⟨

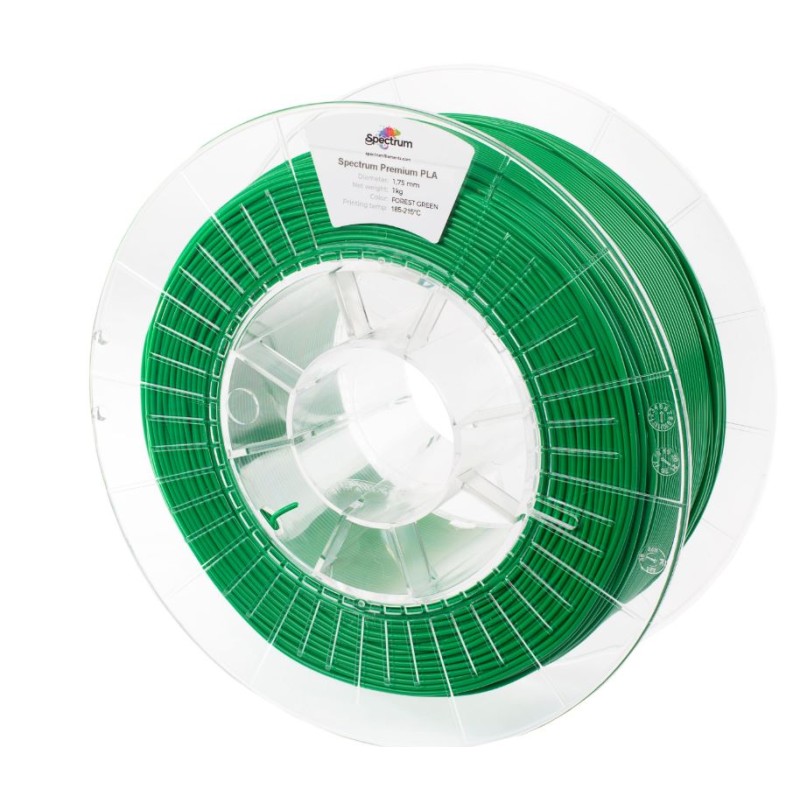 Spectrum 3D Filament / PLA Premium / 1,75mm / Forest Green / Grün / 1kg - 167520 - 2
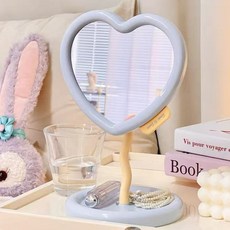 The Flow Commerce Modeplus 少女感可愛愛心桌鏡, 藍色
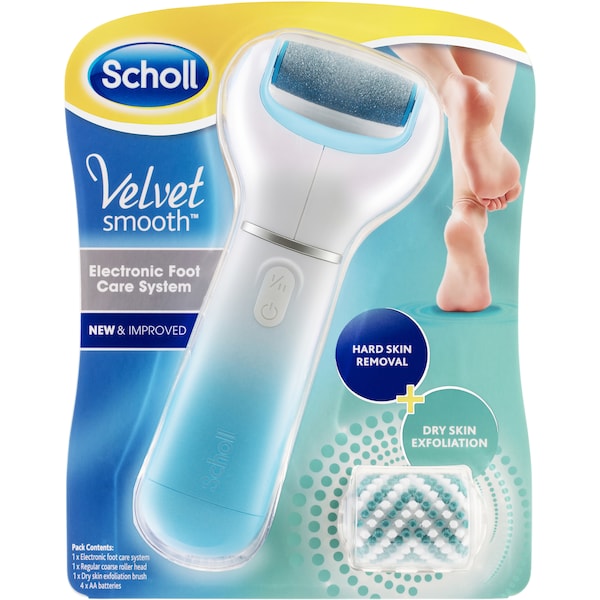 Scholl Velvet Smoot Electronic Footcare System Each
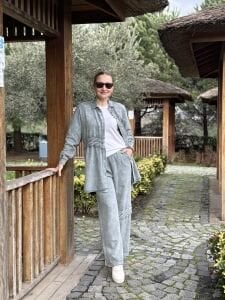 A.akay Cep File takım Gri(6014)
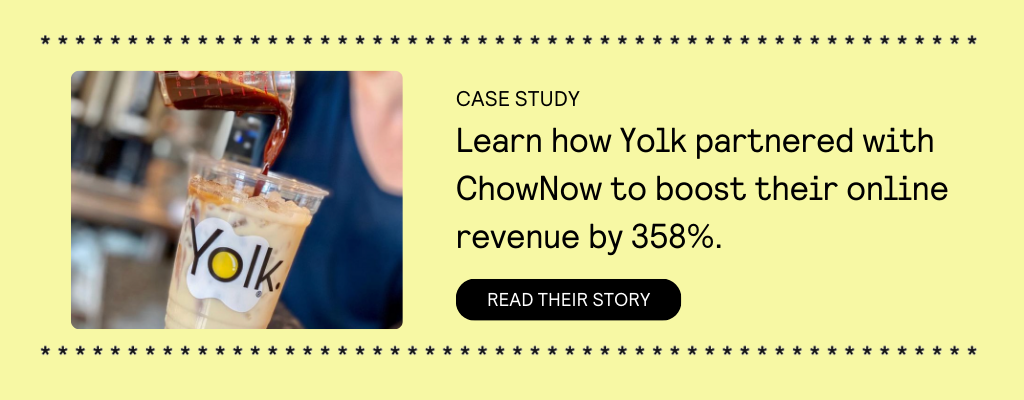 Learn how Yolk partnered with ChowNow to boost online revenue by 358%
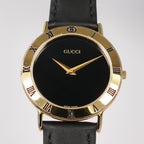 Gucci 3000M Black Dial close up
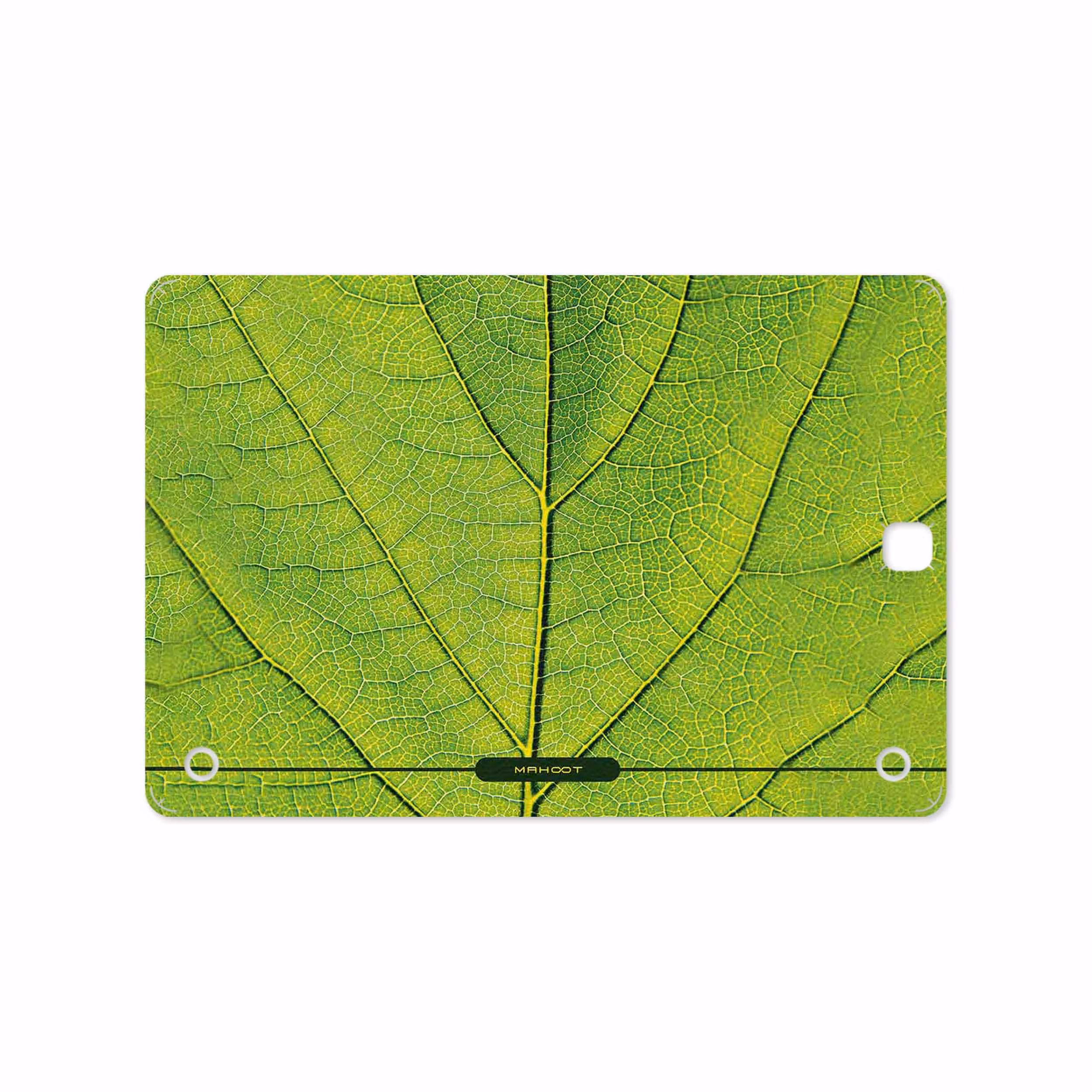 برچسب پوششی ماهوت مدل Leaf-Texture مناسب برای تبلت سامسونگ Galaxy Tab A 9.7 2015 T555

⟩

Task brief: Reproduce the records word for word, please, from their first line up to and including the line that contains "Gucci 3000M Black Dial close up", but no pictures.

Finished task:
 Spectrum 3D Filament / PLA Premium / 1,75mm / Forest Green / Grün / 1kg - 167520 - 2
 The Flow Commerce Modeplus 少女感可愛愛心桌鏡, 藍色
 Scholl Velvet Smoot Electronic Footcare System Each
 A.akay Cep File takım Gri(6014)
 Learn how Yolk partnered with ChowNow to boost online revenue by 358%
 Gucci 3000M Black Dial close up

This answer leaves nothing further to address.